Lenin's fight with Kautsky and the social patriots was over the need to
maintain the interests of the working-class above the need of the
war-mongering bougeois governments. The main reason for a call for a 3rd
International was not to build a new type of party based on "Leninist"
norms.

(The Comintern did in fact put forward the Bolshevik Party as a model for
member parties seeking membership, but these norms were developed by
Zinoviev in a most mechanical manner and have never been critically
examined by "Leninists" who swear by them.)

Leaving aside the whole question of the wisdom of organizations of several
hundred members in a country with a population numbering in the hundreds
of millions anointing themselves as "vanguards", there is another issue
that Adam raises that is highly problematic.

It is easy enough today to identify Kautsky and others as "centrists",
"left opportunists", etc., since we have the vantage point of history to
help us look back at who was right or wrong. Those fights, however, were
between *massive* political tendencies which had sunk roots in the
working-class.

Meanwhile, on this pathetic little mailing list, which in some ways is a
mirror-image of the actual left we find ourselves in today, we find
members of tiny groups or isolated individuals awarding themselves the
same lofty status as leaders of powerful mass organizations from past
eras. They are generals without armies. What usually happens to people who
think they are Napoleon is that society finds a safe place for them to
work out their hallucinatory notions. Unfortunately, the organized left
usually welcomes individuals like this with open arms.

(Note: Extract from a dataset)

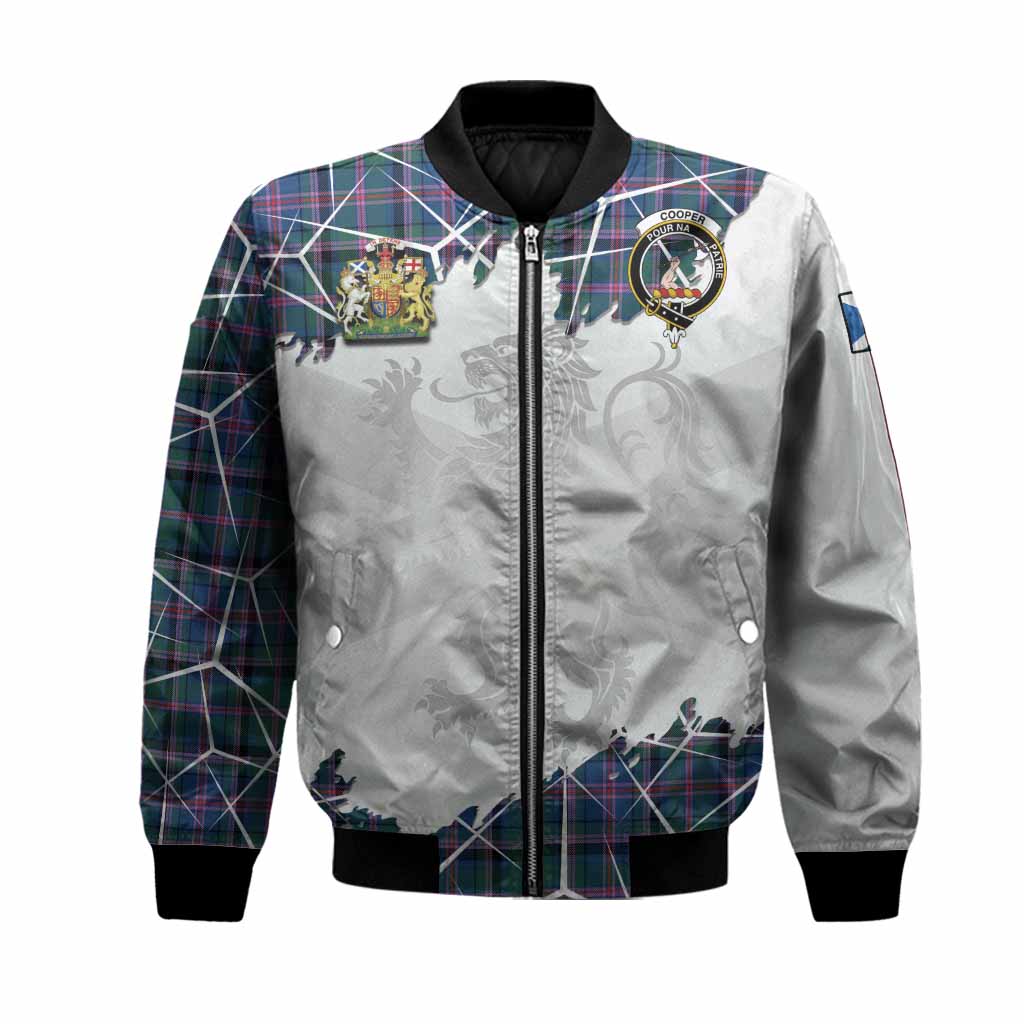 Cooper Tartan Bomber Jacket with Family Crest and Lion Rampant Grunge Style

This tendency to draw easy distinctions between Marxist and anti-Marxist
ideas and positions on the basis of broad distinctions has been poison for
the left. If somebody has a quarrel, for example, with my support for the
FSLN, then address that. But when you let loose with "Menshevik",
opportunist, centrist or some other choice epithet, you are not
demonstrating a superior Marxist understanding, merely a readiness to use
cheap insults. Carrol Cox made a correct observation. These loaded words
are a substitute for analysis and serve no useful purpose.